MAURICE COPITHORNE
Globe and Mail Update Published on Friday, Jun. 02, 2006 12:06AM EDT Last updated on Sunday, Apr. 05, 2009 10:24AM EDT
While Iran has been in the news in recent months, there has been little coverage of its deteriorating human-rights situation, especially the resurgence in mistreatment of the country's Baha'i community.
That situation came to a head on May 19 with the arrest in the city of Shiraz of 54 Baha'is, mostly young people and, according to reports, all engaged in community service. They were said to have been teaching underprivileged children as part of a local NGO project.
This brings the total number of Baha'is detained since the beginning of 2005 to 125. These people have been held for a period of a few days to several months in what has been described as revolving-door detentions.
There are an estimated 300,000 Baha'is in Iran. Under the Iranian constitution, a number of religions are given a degree of status - but not the Baha'is.
The recent harassment of Baha'is also took the form of 30 mostly negative, and often defamatory, articles that appeared in one of the official Tehran dailies last fall. Asma Jahangir, the United Nations' special rapporteur on Freedom of Religion or Belief, published a statement in March reporting the existence of a confidential letter of Oct. 20, 2005, distributed within the government calling on officials - reportedly on the instructions of Iran's supreme leader, Ayatollah Ali Khamenei - “to identify persons who adhere to the Baha'i faith and monitor their activities.”
The special rapporteur declares that “such monitoring constitutes an impermissible and unacceptable interference with the rights of members of religious minorities.” She expresses concern that the result of such monitoring “will be used as a basis for the increased persecution of, and discrimination against” Baha'is.

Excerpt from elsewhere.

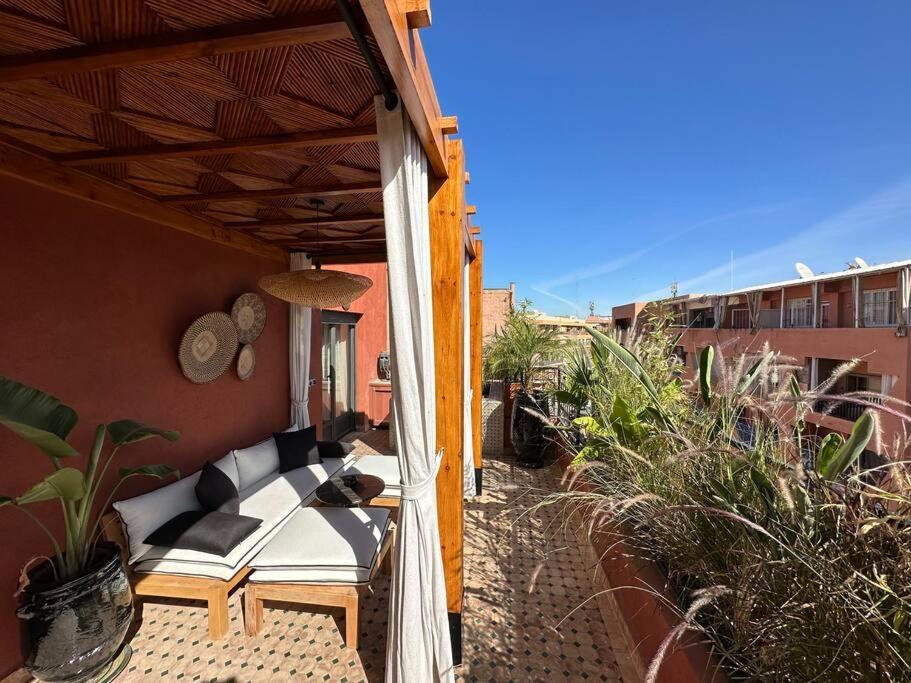 Roof Terrasse Centre-gueliz Jacuzzi مراكش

She also said that, since taking up her mandate in July of 2004, she had intervened with the government on a number of occasions regarding the treatment of the Baha'i community. And she called on “the government of Iran to refrain from categorizing individuals according to their religion and to ensure that members of all religious minorities are free to hold and practise their religious beliefs, without discrimination or fear.”
For its part, on May 15, the European Union declared its concern about “the increasing number of executions, arbitrary detentions, the growing restrictions on access to information, the increasing violations of freedom of speech and religion, especially concerning the situation of the Sufi and Baha'i communities as well as the intimidation and harassment of human-rights defenders, lawyers and minority groups.”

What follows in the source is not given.